### What you are asked to do
Scan the records below for the line with "PCI-E16X , GIGABYTE" and the line with "LED lemputės H4, 65W, 9-16V, 5300LM, 6000K, IP65". Repeat those two lines and every line between them exactly, and nothing else.

Data in this exercise: Begin

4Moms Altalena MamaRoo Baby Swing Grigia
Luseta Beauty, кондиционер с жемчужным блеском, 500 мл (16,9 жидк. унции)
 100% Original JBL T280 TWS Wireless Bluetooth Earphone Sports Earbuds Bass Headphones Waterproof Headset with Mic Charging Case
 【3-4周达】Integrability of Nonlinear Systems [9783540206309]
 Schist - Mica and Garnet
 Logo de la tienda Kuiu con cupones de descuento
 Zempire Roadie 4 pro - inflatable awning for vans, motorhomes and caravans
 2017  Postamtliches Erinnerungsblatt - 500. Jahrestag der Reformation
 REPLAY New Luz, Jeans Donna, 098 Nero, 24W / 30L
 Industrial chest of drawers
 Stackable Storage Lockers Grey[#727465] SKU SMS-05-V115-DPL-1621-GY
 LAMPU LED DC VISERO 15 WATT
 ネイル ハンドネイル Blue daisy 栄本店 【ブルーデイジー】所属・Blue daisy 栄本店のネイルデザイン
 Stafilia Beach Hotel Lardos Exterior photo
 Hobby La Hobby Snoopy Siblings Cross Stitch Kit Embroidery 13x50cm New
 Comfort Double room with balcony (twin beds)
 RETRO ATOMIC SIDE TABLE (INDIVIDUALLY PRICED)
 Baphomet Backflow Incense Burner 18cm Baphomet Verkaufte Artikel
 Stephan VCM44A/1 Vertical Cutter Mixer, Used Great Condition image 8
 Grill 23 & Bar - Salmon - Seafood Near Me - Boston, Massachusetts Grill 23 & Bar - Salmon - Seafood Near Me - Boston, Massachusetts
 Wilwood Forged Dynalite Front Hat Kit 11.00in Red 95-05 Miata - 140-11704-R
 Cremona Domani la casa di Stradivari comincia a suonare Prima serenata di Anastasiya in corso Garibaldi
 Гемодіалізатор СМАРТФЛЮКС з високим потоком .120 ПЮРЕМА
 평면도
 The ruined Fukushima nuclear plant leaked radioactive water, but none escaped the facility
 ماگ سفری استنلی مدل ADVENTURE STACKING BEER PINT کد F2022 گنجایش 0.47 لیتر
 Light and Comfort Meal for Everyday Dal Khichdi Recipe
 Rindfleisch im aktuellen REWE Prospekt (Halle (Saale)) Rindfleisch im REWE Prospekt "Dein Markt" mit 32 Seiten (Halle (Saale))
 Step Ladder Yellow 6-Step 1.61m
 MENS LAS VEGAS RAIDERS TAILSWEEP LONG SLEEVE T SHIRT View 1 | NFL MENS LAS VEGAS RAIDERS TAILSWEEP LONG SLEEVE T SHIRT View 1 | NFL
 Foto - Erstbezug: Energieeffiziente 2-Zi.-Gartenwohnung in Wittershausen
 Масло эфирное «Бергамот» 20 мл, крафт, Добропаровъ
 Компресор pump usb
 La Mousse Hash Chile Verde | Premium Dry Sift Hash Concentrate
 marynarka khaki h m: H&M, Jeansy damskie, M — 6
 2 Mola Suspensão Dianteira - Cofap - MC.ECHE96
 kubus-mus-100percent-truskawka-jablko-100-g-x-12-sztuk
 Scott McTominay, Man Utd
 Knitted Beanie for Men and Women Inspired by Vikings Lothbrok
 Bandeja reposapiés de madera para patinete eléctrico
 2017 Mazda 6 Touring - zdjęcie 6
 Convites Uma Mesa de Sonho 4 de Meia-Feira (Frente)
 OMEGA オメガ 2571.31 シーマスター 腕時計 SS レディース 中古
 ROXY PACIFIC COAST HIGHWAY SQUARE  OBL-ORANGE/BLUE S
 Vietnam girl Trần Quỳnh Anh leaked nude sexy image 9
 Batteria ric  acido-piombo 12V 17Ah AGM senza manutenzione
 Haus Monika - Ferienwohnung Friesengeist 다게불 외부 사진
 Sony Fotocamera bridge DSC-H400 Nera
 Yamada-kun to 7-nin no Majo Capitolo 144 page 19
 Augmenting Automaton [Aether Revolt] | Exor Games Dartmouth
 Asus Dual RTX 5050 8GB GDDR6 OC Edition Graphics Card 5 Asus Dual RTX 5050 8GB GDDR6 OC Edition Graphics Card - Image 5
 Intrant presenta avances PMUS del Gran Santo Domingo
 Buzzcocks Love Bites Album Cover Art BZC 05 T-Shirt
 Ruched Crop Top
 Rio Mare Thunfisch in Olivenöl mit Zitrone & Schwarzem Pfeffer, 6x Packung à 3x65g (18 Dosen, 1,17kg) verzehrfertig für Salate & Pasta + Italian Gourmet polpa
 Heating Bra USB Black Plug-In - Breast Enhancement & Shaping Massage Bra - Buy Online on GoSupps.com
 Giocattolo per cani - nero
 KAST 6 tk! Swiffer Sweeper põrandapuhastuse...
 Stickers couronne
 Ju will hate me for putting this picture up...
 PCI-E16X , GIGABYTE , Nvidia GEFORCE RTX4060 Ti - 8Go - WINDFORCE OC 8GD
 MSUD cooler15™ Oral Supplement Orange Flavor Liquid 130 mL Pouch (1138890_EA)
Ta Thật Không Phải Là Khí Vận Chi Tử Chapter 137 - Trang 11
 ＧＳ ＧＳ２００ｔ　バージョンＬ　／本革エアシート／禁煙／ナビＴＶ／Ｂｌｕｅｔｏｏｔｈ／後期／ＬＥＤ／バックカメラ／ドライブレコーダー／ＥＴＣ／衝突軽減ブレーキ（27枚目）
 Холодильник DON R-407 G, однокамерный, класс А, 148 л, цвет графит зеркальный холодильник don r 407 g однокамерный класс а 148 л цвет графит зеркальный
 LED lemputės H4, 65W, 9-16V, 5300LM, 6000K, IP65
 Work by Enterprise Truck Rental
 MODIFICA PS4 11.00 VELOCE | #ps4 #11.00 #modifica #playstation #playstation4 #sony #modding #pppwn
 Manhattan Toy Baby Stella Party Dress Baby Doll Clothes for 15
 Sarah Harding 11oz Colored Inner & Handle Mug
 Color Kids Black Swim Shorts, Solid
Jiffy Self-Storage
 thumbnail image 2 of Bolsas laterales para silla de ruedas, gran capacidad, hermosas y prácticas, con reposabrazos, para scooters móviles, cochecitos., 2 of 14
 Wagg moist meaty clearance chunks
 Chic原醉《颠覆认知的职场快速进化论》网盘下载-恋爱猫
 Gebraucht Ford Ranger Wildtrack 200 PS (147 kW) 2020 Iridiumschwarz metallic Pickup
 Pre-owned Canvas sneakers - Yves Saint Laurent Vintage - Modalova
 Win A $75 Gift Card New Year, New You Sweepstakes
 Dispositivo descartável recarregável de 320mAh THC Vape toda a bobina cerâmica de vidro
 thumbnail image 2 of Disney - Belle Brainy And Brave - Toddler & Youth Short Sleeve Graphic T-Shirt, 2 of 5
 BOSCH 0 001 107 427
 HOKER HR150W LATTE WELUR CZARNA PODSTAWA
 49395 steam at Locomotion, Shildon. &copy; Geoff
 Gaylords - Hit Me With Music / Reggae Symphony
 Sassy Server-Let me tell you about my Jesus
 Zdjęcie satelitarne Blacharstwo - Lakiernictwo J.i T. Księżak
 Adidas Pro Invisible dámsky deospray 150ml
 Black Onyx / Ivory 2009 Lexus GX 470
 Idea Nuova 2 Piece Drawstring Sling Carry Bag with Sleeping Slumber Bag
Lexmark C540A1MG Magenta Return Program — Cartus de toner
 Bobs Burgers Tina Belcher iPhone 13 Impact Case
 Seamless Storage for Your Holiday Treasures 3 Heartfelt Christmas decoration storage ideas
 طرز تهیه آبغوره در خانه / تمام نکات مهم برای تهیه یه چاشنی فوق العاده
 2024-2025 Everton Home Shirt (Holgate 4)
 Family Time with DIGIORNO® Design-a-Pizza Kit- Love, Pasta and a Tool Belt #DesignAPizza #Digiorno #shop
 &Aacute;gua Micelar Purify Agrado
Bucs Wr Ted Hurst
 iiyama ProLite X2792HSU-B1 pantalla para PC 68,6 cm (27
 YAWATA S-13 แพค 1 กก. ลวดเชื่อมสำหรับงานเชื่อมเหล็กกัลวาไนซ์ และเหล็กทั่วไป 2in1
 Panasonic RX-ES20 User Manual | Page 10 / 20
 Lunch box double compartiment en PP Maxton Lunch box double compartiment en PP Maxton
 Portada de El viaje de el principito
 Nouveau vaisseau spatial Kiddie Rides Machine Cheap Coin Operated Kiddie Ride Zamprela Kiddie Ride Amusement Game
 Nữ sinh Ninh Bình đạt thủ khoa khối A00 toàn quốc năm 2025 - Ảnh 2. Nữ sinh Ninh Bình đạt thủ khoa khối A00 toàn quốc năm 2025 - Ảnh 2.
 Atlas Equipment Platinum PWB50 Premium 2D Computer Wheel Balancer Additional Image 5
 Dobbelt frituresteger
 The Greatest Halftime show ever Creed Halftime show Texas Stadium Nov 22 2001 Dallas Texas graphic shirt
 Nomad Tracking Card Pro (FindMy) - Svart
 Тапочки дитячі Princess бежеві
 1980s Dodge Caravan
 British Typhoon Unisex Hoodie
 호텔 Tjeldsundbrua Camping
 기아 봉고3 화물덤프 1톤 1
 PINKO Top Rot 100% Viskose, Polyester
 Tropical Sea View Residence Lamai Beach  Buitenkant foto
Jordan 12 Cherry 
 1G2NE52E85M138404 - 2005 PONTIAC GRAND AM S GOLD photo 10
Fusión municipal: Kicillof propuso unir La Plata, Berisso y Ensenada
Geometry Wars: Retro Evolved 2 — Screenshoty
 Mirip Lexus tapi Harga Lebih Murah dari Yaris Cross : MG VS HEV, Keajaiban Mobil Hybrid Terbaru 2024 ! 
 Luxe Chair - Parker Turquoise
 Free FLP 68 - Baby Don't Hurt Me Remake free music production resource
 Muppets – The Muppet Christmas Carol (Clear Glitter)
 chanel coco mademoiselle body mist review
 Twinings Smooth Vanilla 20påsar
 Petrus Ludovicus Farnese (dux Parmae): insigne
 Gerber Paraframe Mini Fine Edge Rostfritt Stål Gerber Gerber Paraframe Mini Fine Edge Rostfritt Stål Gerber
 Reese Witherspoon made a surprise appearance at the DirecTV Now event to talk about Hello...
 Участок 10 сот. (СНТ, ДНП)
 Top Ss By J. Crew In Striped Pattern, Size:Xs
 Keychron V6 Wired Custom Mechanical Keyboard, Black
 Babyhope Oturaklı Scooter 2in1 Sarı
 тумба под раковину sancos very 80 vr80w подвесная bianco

Data in this exercise: End

### Answer for this exercise
 PCI-E16X , GIGABYTE , Nvidia GEFORCE RTX4060 Ti - 8Go - WINDFORCE OC 8GD
 MSUD cooler15™ Oral Supplement Orange Flavor Liquid 130 mL Pouch (1138890_EA)
Ta Thật Không Phải Là Khí Vận Chi Tử Chapter 137 - Trang 11
 ＧＳ ＧＳ２００ｔ　バージョンＬ　／本革エアシート／禁煙／ナビＴＶ／Ｂｌｕｅｔｏｏｔｈ／後期／ＬＥＤ／バックカメラ／ドライブレコーダー／ＥＴＣ／衝突軽減ブレーキ（27枚目）
 Холодильник DON R-407 G, однокамерный, класс А, 148 л, цвет графит зеркальный холодильник don r 407 g однокамерный класс а 148 л цвет графит зеркальный
 LED lemputės H4, 65W, 9-16V, 5300LM, 6000K, IP65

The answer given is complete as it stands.